I could have replied, "We all are. We just don't understand it."

Instead, I said truthfully, "No, I am a south Georgia country boy, following values that became part of me there."

The rural South of my origins focused on family and community where mutual support and dependency made life possible. Generally, the elderly were respected - even revered - and cared for to the grave. In many cases, they retained financial security by owning "the home place" until death when it was passed on to the son or daughter who had taken care of them. Otherwise, they lived with some family member because it was "the right thing to do." This deeply held sense of "right" is a value, a part of my country culture, centuries old but soon to undergo radical change.

This value is not confined to the rural South. It is found in many places and is as old as the Ten Commandments and the teachings of Jesus Christ. British settlers brought it with them to North America and passed it on through generations to me.

The Industrial Revolution was social as well as technological and economic. People moved to go where the jobs were. Families shrank in size. Cities sprang up. Community ceased to be a social reality. Things that are necessary for people to live together could no longer be sustained by family and community. That included care and security for the elderly.

Some of the functions once provided primarily at the community level have passed readily to government, state and national. The crude local roads of the 19th century have largely been replaced by the Interstate Highway System, a massive product of the federal government comparable to the national mobilization for World War II. Local law enforcement still exists, but we look to national agencies like the FBI to protect against today's scarier threats. These are but two of many examples. The point is that issues which impact the entire country require nationwide power for solution.

But, what about individual freedom in this world of systemic solutions? What about individual freedom for the slaves in the old South, for sharecroppers in the newer South, for debt-saddled farmers in every South, for miners in Appalachia, for Southern mill workers until their jobs moved abroad? These people are of my world - my family and friends. For them, freedom was, or is, at best, partial. However, since one person's freedom extends only to the end of his or her nose, freedom is always limited.

Nationwide solutions to nationwide problems are necessary but will in every case be unpopular with some people and possibly infringe on some freedoms, real or imaginary, of others. The support and protection of this nation's elderly are issues of nationwide import and require nationwide solutions the same as national security and the protection of lawful commerce.

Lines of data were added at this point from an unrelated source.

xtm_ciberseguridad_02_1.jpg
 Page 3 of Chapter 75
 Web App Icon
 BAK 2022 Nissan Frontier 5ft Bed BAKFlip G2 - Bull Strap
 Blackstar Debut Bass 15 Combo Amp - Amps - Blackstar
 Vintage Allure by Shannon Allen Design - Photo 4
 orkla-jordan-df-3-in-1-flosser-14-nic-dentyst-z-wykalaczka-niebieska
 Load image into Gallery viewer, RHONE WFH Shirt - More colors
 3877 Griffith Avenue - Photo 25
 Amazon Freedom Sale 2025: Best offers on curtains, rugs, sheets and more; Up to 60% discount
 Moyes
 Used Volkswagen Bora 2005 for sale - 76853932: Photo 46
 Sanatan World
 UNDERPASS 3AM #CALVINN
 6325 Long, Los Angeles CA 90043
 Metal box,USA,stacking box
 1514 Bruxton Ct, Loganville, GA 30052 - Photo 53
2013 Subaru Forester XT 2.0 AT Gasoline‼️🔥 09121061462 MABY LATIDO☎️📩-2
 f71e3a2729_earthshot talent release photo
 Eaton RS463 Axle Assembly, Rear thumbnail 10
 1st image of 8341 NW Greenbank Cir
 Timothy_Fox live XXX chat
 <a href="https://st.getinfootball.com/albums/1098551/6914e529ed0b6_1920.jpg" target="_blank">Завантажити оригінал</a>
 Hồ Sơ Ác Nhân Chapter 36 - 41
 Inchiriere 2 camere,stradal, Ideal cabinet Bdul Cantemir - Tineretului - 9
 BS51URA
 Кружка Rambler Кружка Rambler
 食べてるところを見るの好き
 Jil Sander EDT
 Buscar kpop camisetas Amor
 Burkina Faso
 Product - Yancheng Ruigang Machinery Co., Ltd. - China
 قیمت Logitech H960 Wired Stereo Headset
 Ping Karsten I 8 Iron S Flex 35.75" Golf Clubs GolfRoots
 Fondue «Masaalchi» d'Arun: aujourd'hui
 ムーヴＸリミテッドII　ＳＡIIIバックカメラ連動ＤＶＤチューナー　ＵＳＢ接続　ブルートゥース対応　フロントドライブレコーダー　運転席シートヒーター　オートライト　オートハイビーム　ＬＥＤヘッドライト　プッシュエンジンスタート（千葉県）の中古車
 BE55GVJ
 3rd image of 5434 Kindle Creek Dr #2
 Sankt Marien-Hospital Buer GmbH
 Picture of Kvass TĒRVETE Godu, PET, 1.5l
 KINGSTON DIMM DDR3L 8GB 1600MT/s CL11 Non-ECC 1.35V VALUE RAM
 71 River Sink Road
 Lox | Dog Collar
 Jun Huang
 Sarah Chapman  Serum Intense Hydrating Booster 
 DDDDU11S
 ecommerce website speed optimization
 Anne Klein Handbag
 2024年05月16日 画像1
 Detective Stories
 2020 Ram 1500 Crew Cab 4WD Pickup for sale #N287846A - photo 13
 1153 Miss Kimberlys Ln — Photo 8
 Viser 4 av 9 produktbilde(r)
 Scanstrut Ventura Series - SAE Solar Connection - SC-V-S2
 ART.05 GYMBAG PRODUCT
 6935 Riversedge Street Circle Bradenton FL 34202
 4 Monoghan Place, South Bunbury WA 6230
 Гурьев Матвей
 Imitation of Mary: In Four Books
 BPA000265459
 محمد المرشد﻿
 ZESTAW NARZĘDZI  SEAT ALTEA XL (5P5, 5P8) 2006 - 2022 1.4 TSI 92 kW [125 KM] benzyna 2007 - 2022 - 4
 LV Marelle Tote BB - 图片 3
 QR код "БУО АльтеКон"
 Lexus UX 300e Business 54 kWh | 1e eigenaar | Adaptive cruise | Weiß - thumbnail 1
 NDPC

Returning to values, I restate an earlier quotation. "The character of a people can be measured by the way they treat their old and their young."

As to the question of which of the modern "isms" and "ists" I "belong" to, the answer is "None of the above." Like other economic systems, they have become belief systems, in a word, religions, to which it is necessary to pledge oneself or be branded as disloyal. I agree with Emil Brunner, 20th Century giant of Christian theology and ethics, who criticized both Communism and capitalism for making the material world central to all reality instead of the spiritual.

Struggle between the material and the spiritual is a constant thread in the Bible. Moses had to destroy the golden calf (bull, symbol of fertility, prosperity). The prophets of Israel for two centuries struggled with the fertility gods (Baalim) of Philistia and Lebanon for the loyalty of the Israelites. Jesus, who died owning only his clothes, said bluntly that it is impossible to serve both God and Mammon (the prosperity god of his day). The pattern continues. Preachers peddle a prosperity gospel in spite of the clear teachings of Christ. Economic systems continue to be belief systems.

By the grace of God, I am a Christian, undeserving and often falling short of the sonship to which I have been called. Still, I rise up from falling and hear the recurring call, "Take up your cross and follow me."

For me, feeling the pain of the old and the poor or speaking out on their behalf is part of "follow me."

Roger G. Branch Sr. is professor emeritus of sociology at Georgia Southern University and is a retired pastor.